RAIL Score Python SDK

PyPI version Python Versions Downloads Downloads per Month License: MIT

GitHub Stars GitHub Forks GitHub Issues GitHub Pull Requests

Build Status Documentation Status Code style: black Typing: mypy

Responsible AI Research Paper

Evaluate and generate responsible AI content with the official Python client for RAIL Score API

Documentation β€’ API Reference β€’ Examples β€’ Report Issues


🌟 Features at a Glance

Feature Description
🎯 8 RAIL Dimensions Evaluate content across Reliability, Accountability, Interpretability, Legal Compliance, Safety, Privacy, Transparency, and Fairness
⚑ Multiple Evaluation Tiers Choose from basic, dimension-specific, custom, weighted, detailed, advanced, and batch evaluation
πŸ€– AI Generation Generate RAG-grounded responses, reprompt suggestions, and protected content
βœ… Compliance Checks Built-in support for GDPR, HIPAA, CCPA, and EU AI Act compliance
πŸ“Š Batch Processing Evaluate up to 100 items per request efficiently
πŸ”’ Type-Safe Full typing support with structured dataclasses for better IDE experience
πŸ”„ Auto-Retry Built-in error handling and automatic retries
πŸ“ˆ Usage Tracking Monitor credits, usage history, and API health

πŸš€ Quick Start

Installation

pip install rail-score

Basic Usage

from rail_score import RailScore

# Initialize client
client = RailScore(api_key="your-rail-api-key")

# Evaluate content
result = client.evaluation.basic("Our AI system ensures user privacy and data security.")

# Access scores
print(f"Overall RAIL Score: {result.rail_score.score}")
print(f"Confidence: {result.rail_score.confidence}")
print(f"Privacy Score: {result.scores['privacy'].score}")
print(f"Credits Used: {result.metadata.credits_consumed}")

πŸ“– Table of Contents


πŸ”§ Configuration

from rail_score import RailScore

client = RailScore(
    api_key="your-rail-api-key",
    base_url="https://api.responsibleailabs.ai",  # Optional
    timeout=60  # Request timeout in seconds
)

Getting an API Key: Visit responsibleailabs.ai to sign up and get your API key.


πŸ“Š Evaluation API

Basic Evaluation

Evaluate content across all 8 RAIL dimensions:

result = client.evaluation.basic(
    content="Your AI-generated content here",
    weights=None  # Optional custom weights
)

# Access results
print(result.rail_score.score)  # Overall score (0-10)
print(result.rail_score.confidence)  # Confidence (0-1)

# Individual dimensions
for dim_name, dim_score in result.scores.items():
    print(f"{dim_name}: {dim_score.score} (confidence: {dim_score.confidence})")
    print(f"  Explanation: {dim_score.explanation}")
    if dim_score.issues:
        print(f"  Issues: {', '.join(dim_score.issues)}")

# Metadata
print(f"Request ID: {result.metadata.req_id}")
print(f"Credits Used: {result.metadata.credits_consumed}")
print(f"Processing Time: {result.metadata.processing_time_ms}ms")

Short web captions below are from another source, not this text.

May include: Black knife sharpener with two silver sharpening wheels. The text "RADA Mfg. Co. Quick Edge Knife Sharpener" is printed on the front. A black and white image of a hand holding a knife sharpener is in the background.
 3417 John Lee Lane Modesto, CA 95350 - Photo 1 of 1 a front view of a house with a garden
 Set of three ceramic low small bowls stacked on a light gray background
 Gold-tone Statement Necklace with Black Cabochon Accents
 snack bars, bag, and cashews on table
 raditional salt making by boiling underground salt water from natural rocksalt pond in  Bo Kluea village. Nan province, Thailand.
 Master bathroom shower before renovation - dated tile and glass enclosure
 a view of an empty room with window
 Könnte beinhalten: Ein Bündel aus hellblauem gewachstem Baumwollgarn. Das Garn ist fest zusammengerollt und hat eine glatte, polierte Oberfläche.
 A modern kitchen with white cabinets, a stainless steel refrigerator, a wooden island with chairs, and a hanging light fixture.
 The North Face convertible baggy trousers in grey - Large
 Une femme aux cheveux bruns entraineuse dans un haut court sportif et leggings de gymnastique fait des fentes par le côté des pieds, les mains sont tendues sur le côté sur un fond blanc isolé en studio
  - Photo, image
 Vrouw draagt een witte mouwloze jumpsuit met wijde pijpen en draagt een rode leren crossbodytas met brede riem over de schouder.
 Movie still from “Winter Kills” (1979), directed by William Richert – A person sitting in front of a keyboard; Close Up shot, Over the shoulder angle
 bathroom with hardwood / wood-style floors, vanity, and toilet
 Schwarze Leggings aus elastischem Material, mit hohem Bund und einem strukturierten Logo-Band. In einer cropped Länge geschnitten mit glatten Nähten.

Dimension-Specific Evaluation

Evaluate on one specific dimension only:

result = client.evaluation.dimension(
    content="We collect user data with consent",
    dimension="privacy"  # One of: reliability, accountability, interpretability,
                         # legal_compliance, safety, privacy, transparency, fairness
)

print(result['result']['score'])
print(result['result']['explanation'])

Custom Evaluation

Evaluate only specific dimensions:

result = client.evaluation.custom(
    content="Healthcare AI system",
    dimensions=["safety", "privacy", "reliability"],
    weights={"safety": 40, "privacy": 35, "reliability": 25}
)

print(result.rail_score.score)
print(result.scores.keys())  # Only evaluated dimensions

Weighted Evaluation

Custom dimension weights:

weights = {
    "safety": 30,
    "privacy": 25,
    "reliability": 20,
    "accountability": 15,
    "transparency": 5,
    "fairness": 3,
    "inclusivity": 1,
    "user_impact": 1
}

result = client.evaluation.weighted("Content here", weights=weights)

Detailed Evaluation

Get detailed breakdown with strengths and weaknesses:

result = client.evaluation.detailed("AI model description")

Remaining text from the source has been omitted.